Dataset entries
<<<<

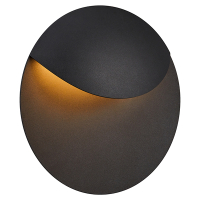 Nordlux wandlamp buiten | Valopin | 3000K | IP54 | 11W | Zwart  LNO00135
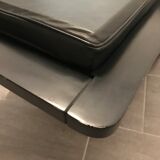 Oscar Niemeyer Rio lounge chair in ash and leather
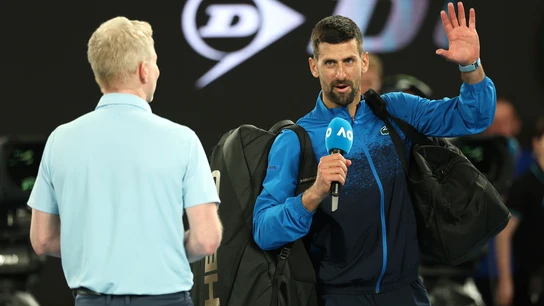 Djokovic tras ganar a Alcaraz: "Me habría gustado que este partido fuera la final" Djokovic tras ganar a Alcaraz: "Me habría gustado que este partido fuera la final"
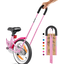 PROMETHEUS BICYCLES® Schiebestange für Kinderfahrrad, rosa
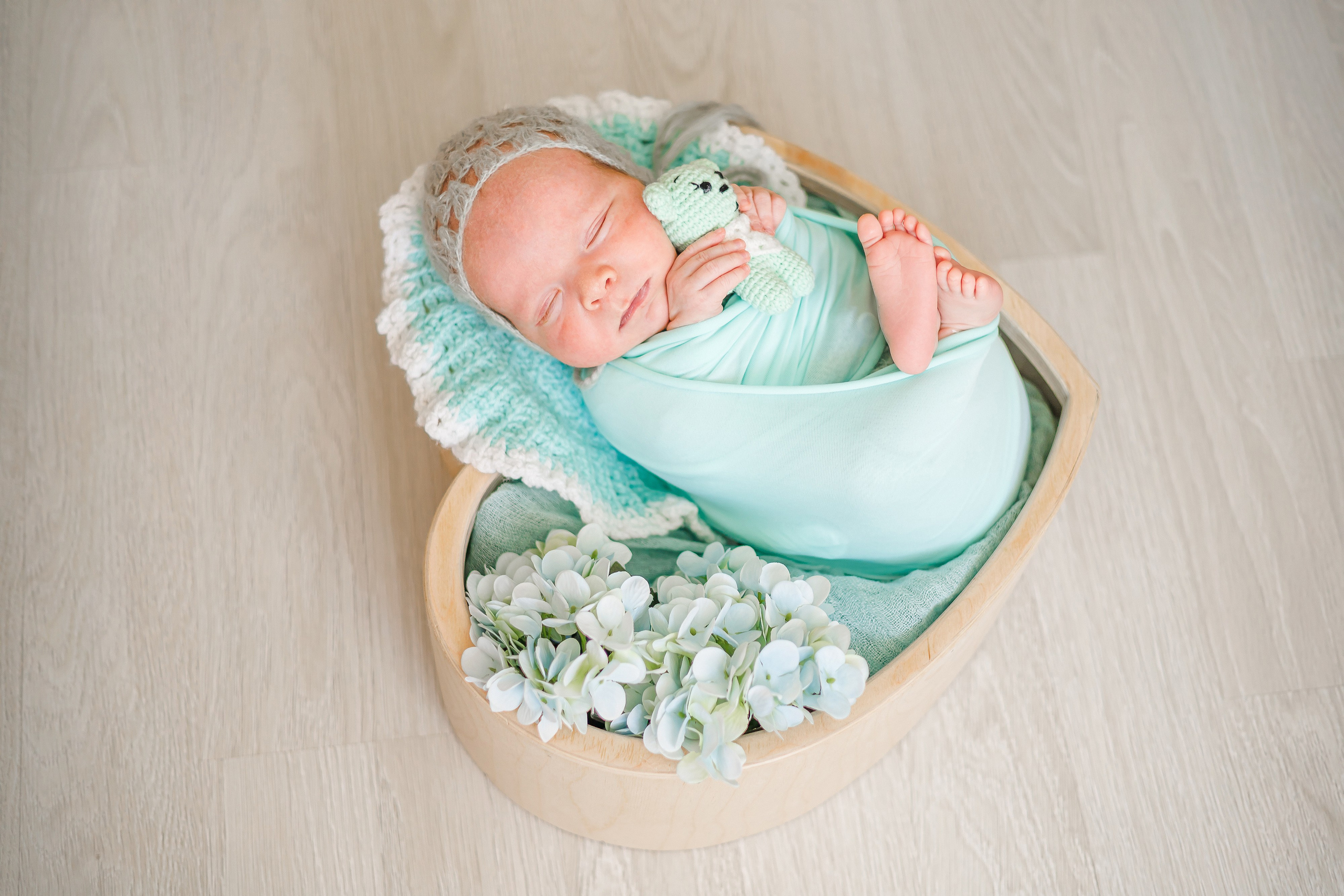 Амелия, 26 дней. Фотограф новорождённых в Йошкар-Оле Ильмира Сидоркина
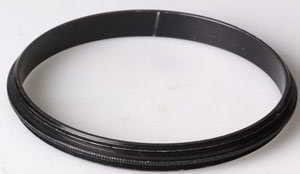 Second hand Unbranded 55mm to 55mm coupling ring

>>>>

Please repeat, exactly as written, only the lines from the line with "PROMETHEUS BICYCLES® Schiebestange" to the end of the data, leaving out every picture.

 PROMETHEUS BICYCLES® Schiebestange für Kinderfahrrad, rosa
 Амелия, 26 дней. Фотограф новорождённых в Йошкар-Оле Ильмира Сидоркина
 Second hand Unbranded 55mm to 55mm coupling ring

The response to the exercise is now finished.